Posterior Chamber Phakic ICLs
Posterior chamber Phakic ICLs are placed just in front of the natural lens, behind the iris. The Staar lens, which is manufactured in the United States, is the most well know posterior chamber phakic ICL.
Clear Lens Replacement Surgery also referred to as Refractive Lens Replacement Surgery (RLR)
For RLR implant lens surgery the eye’s natural lens is first removed with the aid of ultrasound, and then it is replaced with a synthetic lens. The highly myopic patient's choices for surgical refractive correction are - implantation of a phakic ICL, as discussed above, or the replacement of the patient’s natural lens with a synthetic lens.
RLR Surgery utilising a FIXED-FOCUS Lens Implant
This procedure uses a fixed-focus lens implant rather than a multi-focal lens implant. Patients suitable for this procedure include those with specific refractive disorders, such as high myopia. Often these patients are outside the treatment range for LASIK and yet a multi-focal lens implant may not be appropriate.
Fixed focus RLR is predominantly considered for patients who are more than 40 years of age and who do not object to the use of reading glasses. RLR is also used when an age related cataract already exists, which sooner or later would lead to an exchange of the body's own lens with a synthetic lens.
RLR Surgery utilising a MULTI–FOCAL Lens Implant (PRELEX)
PRELEX stands for PREsbyopic Lens Exchange, these days referred to as the surgical intervention which restores vision without glasses for hyperopic and presbyopic patients.
As we age our natural lens becomes less flexible and looses its ability to accommodate. As a result of this we are not able to see near objects clearly and require reading glasses. This condition cannot be corrected with the aid of laser surgery such as LASIK. Patients who have had laser vision correction will in later years develop presbyopia. This can be corrected with the aid of PRELEX implant lens surgery.

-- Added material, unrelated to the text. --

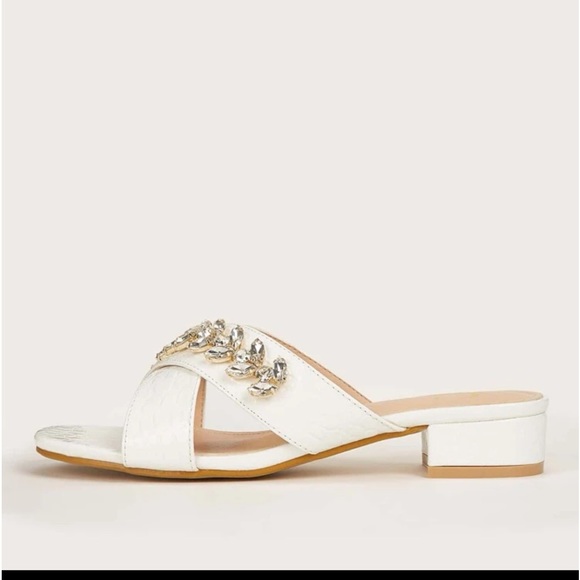 NWT Rhinestone Decor White Mules size 41/9.5 - Picture 6 of 9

PRELEX is an intra-ocular lens replacement procedure in which the natural lens, is replaced with a multi-focal intra-ocular lens implant. The procedure is similar to a cataract operation and has the added advantage that the implanted lens will never develop a cataract. Traditionally replacement lens implants were all fixed-focus which gave clear distance vision but required the use of reading glasses in most cases. This procedure has on a regular basis been performed since the mid 1990’s mainly on patients with presbyopia. As a result of this presbyopic patients are now able to regain better vision with reduced or no dependency on glasses.
RLR Surgery utilising the Accommodative Lens Implant
The accommodative lens which is manufactured by Human Optics AG is the latest lens developed for RLR implant lens surgery. A healthy eye is able to change its shape in order to accommodate clear vision. The ability to “accommodate” deteriorates as we get older. Most artificial lenses, which are used for lens replacement surgery are rigid and cannot change their shape like the natural lens. As a result of this patients generally have to wear glasses after cataract or lens implant surgery. This disadvantage is overcome by means of the accommodative lens, which is able to maintain the accommodation on an artificial basis. This crystalline lens enables the patient to focus on far as well as near images.
The accommodative lens has been successfully implanted since the middle of year 2000. The accommodative lens is known to give excellent results with good far, near and intermediate vision, generally without the use of glasses.